Pro sports have the power to produce the highest of highs and the lowest of lows. We can all recall moments from our favorite teams that shaped our lives and brought us tremendous joy or painful heartache. As ABC’s Wide World of Sports once reminded us weekly, sports consist of the “thrill of victory and the agony of defeat.”

Pittsburgh Steelers fans have certainly experienced their share of victory and celebration with the team winning six Super Bowls. But they have also experienced those excruciatingly painful moments that broke hearts and shattered dreams. This series looks back at five devastating plays that crushed the souls of die-hard Steelers fans.
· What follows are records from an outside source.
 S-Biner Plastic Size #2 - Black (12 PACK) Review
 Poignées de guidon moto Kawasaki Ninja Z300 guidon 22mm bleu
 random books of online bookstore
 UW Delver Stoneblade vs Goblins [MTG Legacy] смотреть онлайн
No. 5: Say it ain’t so, Joe (Montana)

No. 4: Phantom roughing the kicker penalty

No. 3: Three yards to glory

No. 2:  Tim freakin’ Tebow

No. 1: Take two sinks Steelers

Background: Jan 28, 1996, Super Bowl XXX, Steelers vs. Cowboys in beautiful Tempe, Ariz. Both teams were vying for a coveted fifth Super Bowl trophy to tie the San Francisco 49ers. Dallas jumped out to a 13-0 lead before Pittsburgh scored in the waning seconds of the half on a Neil O’Donnell to Yancey Thigpen touchdown pass to make it 13-7 at the break.
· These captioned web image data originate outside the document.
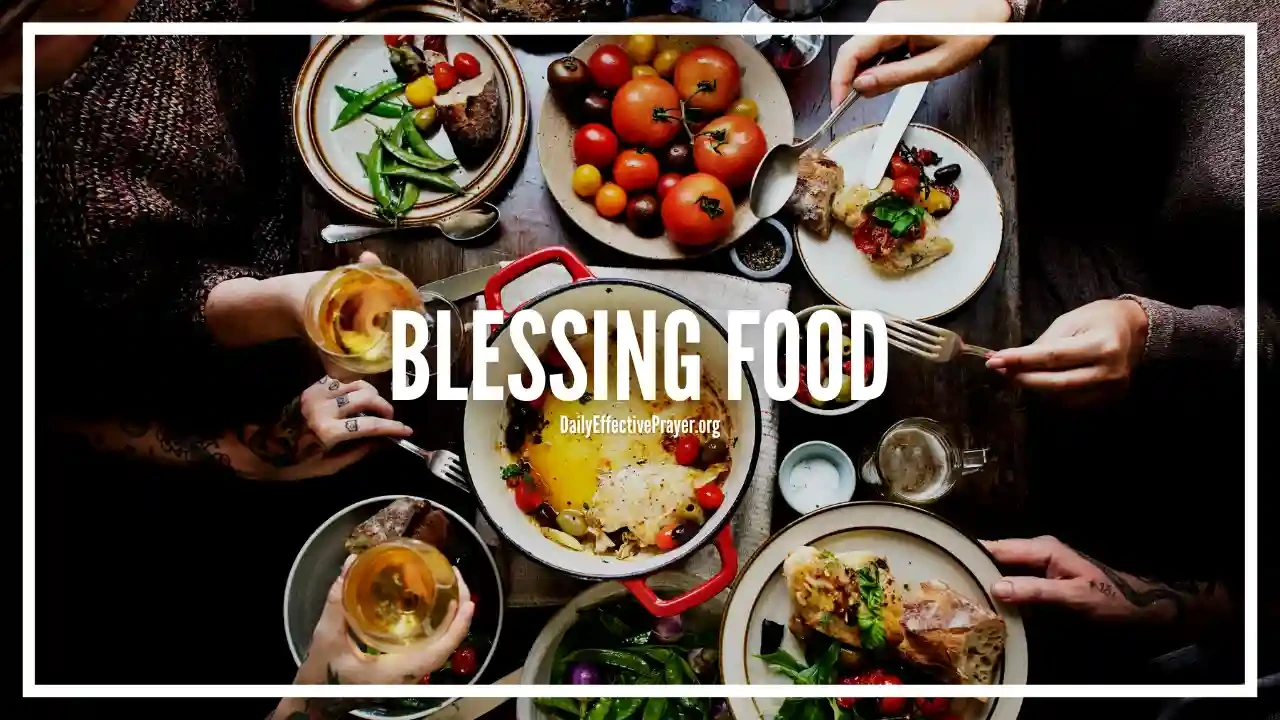 Food Prayer Blessing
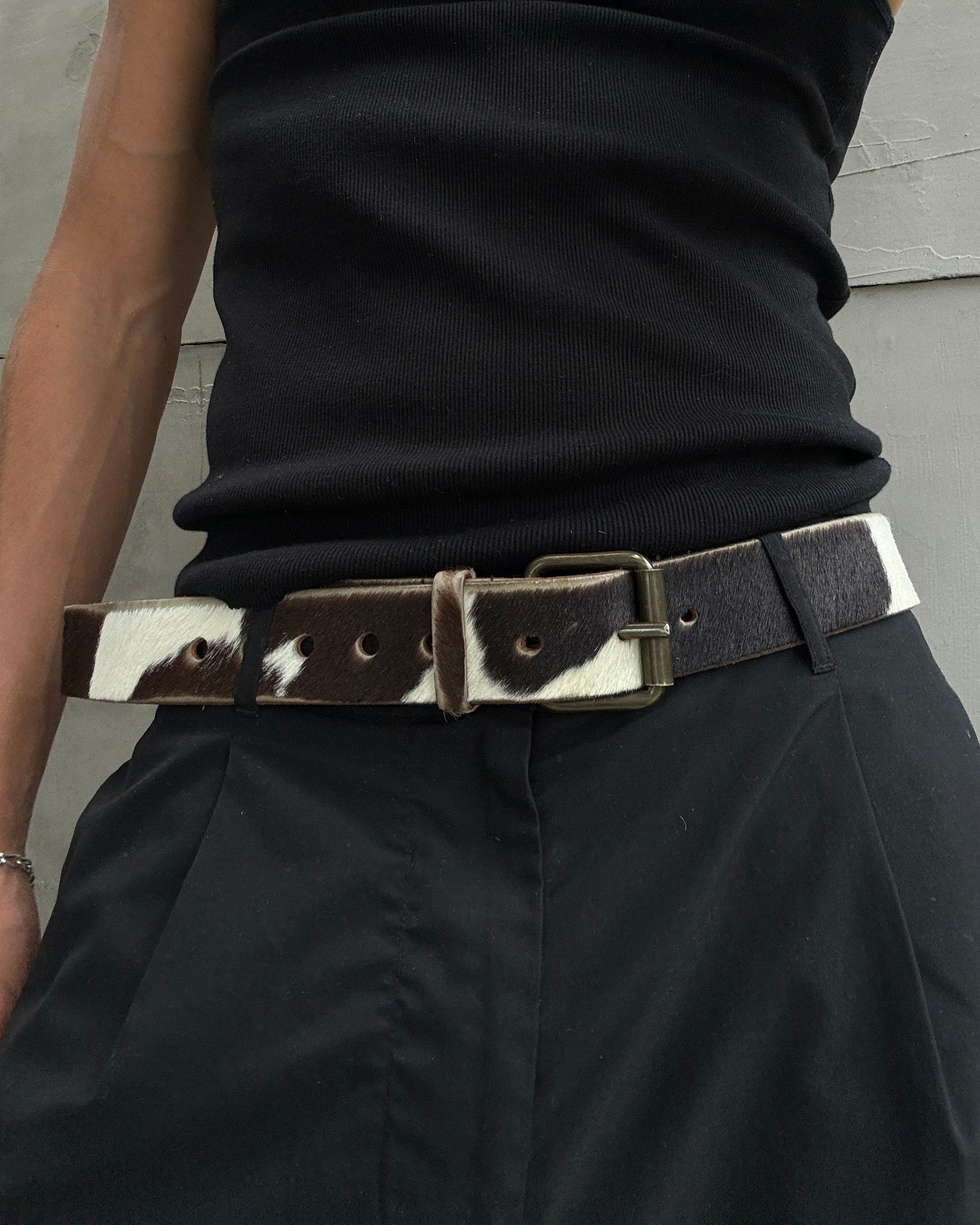 MIU MIU SS02 CALF FUR BELT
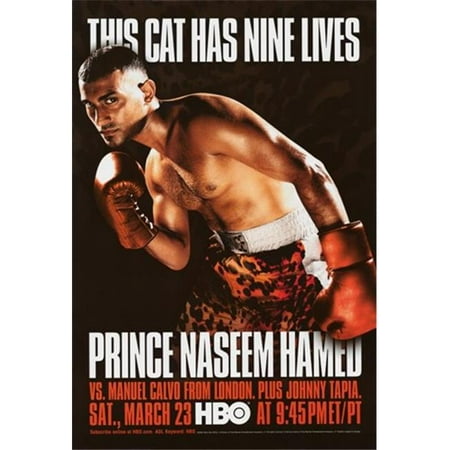 Pop Culture Graphics MOV274442 Prince Naseem Hamed vs Manuel Calvo Movie Poster, 11 x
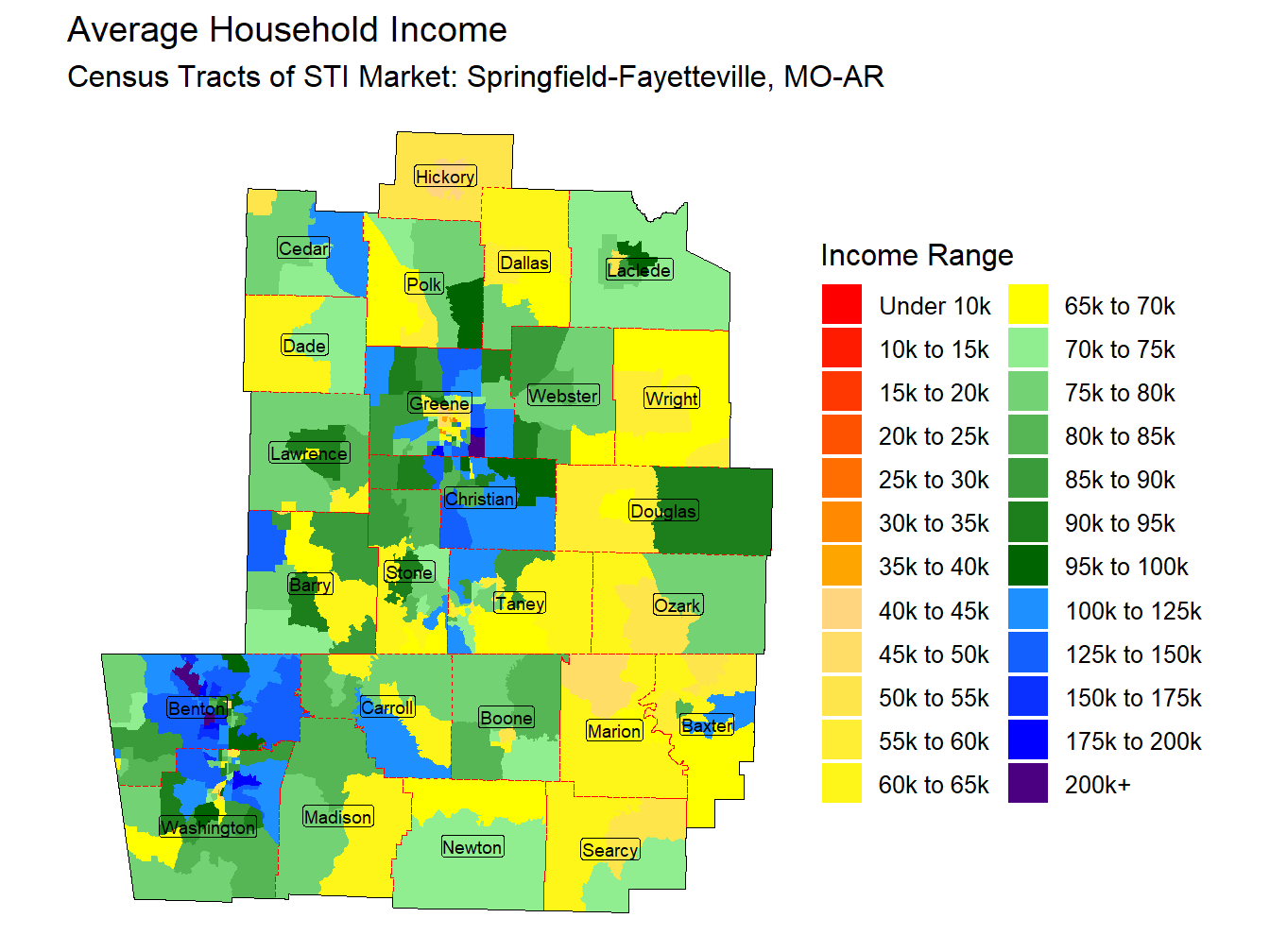 Household Income Thematic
In the third quarter, Larry Brown intercepted his first pass of the game, setting up an Emmitt Smith touchdown to make it 20-7. That was the score heading into the fourth quarter. In the final stanza, Norm Johnson hit a field goal to make it 20-10 and Bill Cowher rolled the dice on a gutsy onside kickoff that surprised Dallas and the Steeler recovered the ball. Pittsburgh marched down the field and Bam Morris punched it in to make it a 20-17 game. Momentum was clearly on the side of the Steelers. Levon Kirkland sacked QB Troy Aikman, forcing the Cowboys to punt, giving the Steelers the ball with 4:15 remaining. The Steelers were in business. Until they weren’t.

The play: The Steelers’ hopes and momentum were short lived. On second down, lightning struck twice when Brown intercepted his second O’Donnell pass of the game and ended the Steelers’ hopes of Super Bowl win No. 5. Shortly after, Smith scored again, cementing a 27-17 victory for the Cowboys.

Why it stung: The pain of this play was that the Steelers had fought like hell to get back in this game and had all the momentum on their side. Steelers fans were brought back to life after being demoralized early in the game to thinking that this was going to be one of the greatest comebacks in history. And then the air was taken out of our sails with extreme prejudice. It was pain akin to being one number away from hitting the lottery. SO CLOSE. And to boot, we weren’t used to losing Super Bowls.  It had never happened and didn’t seem possible. Yet, we are left to live with that image burned into our brains for the rest of eternity. Thanks a lot, Neil.